Problem to solve — Print, exactly as they stand, the lines below from the one that has "דירה Lavender Garden דוברובניק" to the one that has "423 Parklands Trl, Bozeman, MT 59718", inclusive, leaving out the pictures.

Data —
▶

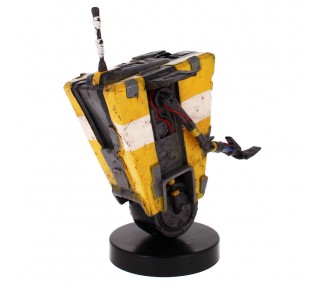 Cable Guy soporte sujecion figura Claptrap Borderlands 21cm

◀
▶

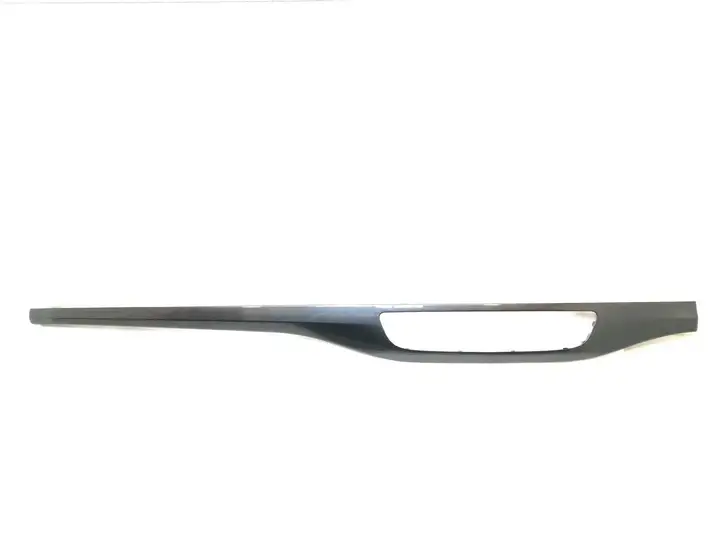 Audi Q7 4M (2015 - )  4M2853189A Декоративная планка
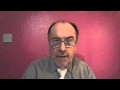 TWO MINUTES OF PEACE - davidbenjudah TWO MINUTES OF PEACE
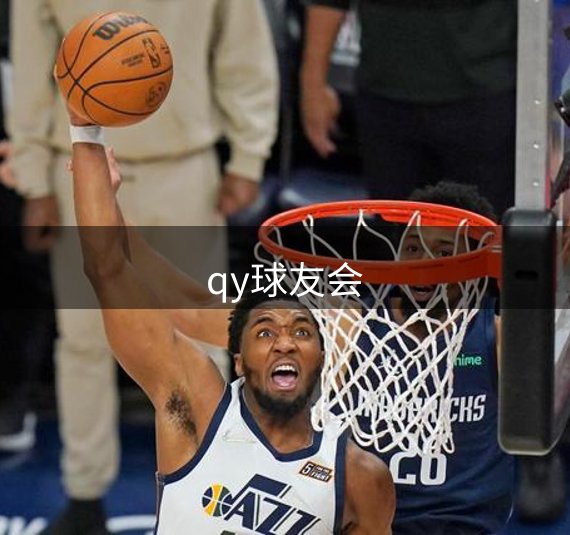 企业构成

◀
▶

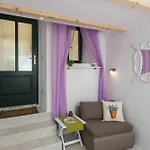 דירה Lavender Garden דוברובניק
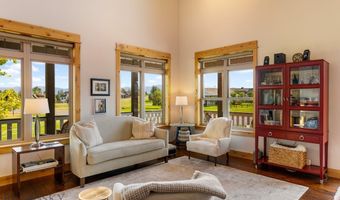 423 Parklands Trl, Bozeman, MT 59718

◀

Solution to this exercise —
 דירה Lavender Garden דוברובניק
 423 Parklands Trl, Bozeman, MT 59718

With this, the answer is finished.